Today begins a 3-part series on dating. One of the pillars of The Project is “Relate“, promoting and encouraging healthy relationships. I’ll be drawing the material for this 3-part series from a great book called “The One” by Ben Young & Samuel Adams. Part 1: “LOOKING FOR THE ONE”, Part 2: “KNOWING WHEN YOU’VE FOUND THE ONE”, Part 3: “CHOOSING THE ONE.”

“The success or failure of an intimate relationship is strongly influenced by one’s choice of a mate.

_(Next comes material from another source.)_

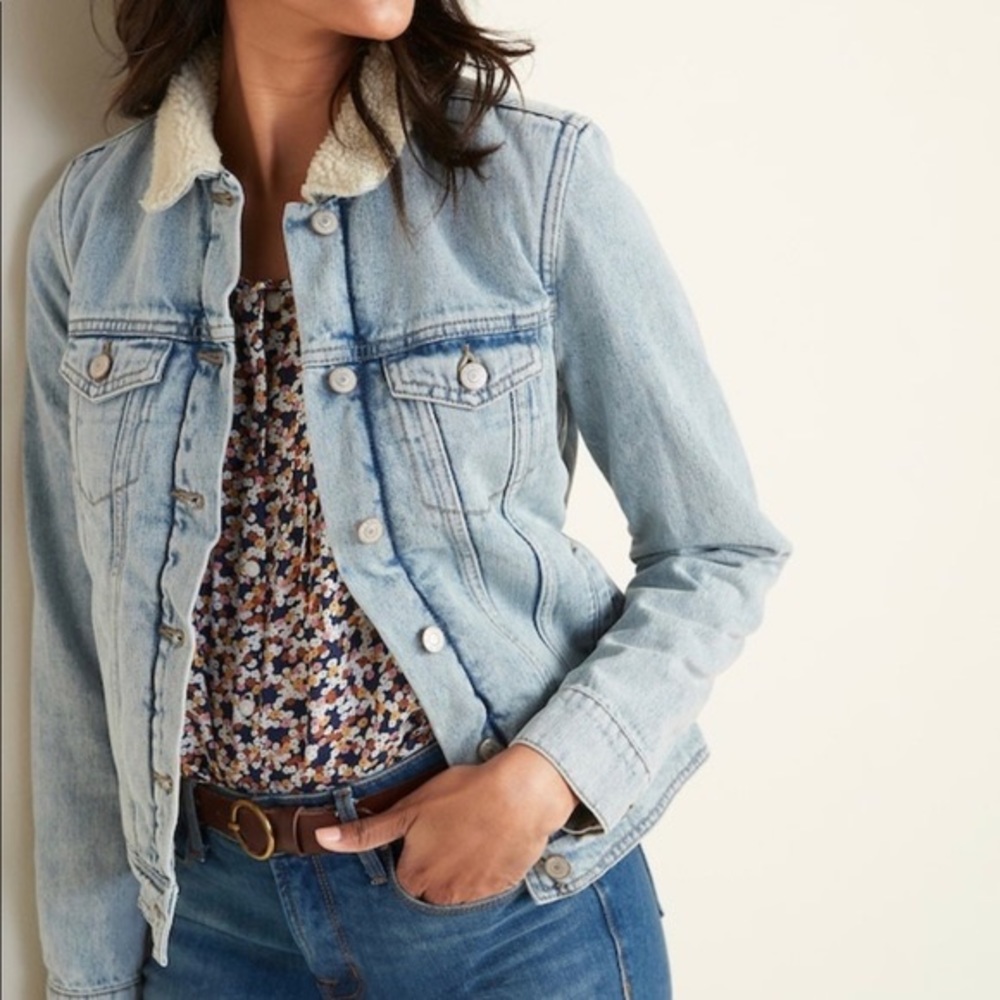 Light blue Jean Sherpa lined jacket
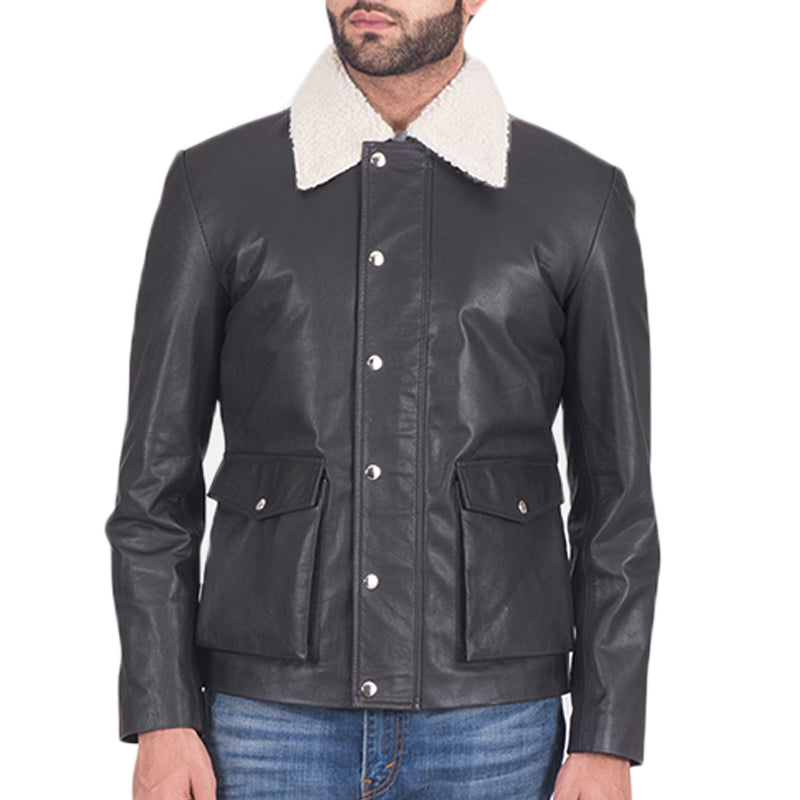 Snow Cole Flap Pockets Leather Jacket For Men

Selecting a person with the right characteristics is perhaps the most important prerequisite for attaining the ideal of a close, personal relationship.”

THE QUEST FOR THE ONE

Do you feel the pressure to find the one?
1. Family: Mum, Dad and the rest of the family usually have expectations that don’t fit your reality.
2. Married Friends: Don’t you just hate it when your married friends rub their bliss in your face?
3. Society: From early on, we are driven by an expectation to be married through our consumption of media.
4. Your Body: Seriously, the urge is there for some sexual healing, or the “urge to merge” if ya know what I mean.
5. Yourself: We are driven by an expectation and assumption that we should be married by a particular time.

Five Reckless Ways to Respond to the Pressure
1. Press the Panic Button: Freak out and try to unnaturally speed up the process.
2. Settle for Mr/Mrs Right Now: Lowering your standards, choosing for the sake of choosing.
3. Deny Your Heart’s Desire: Don’t lose heart, don’t deny the built in urge to be in a relationship.
4. Crawl Into a Cave: Don’t give up, turning inwards only lessens your chances.
5. Spiritualise Your Quest: Don’t take a super-spiritual approach and ask God to do the work for you.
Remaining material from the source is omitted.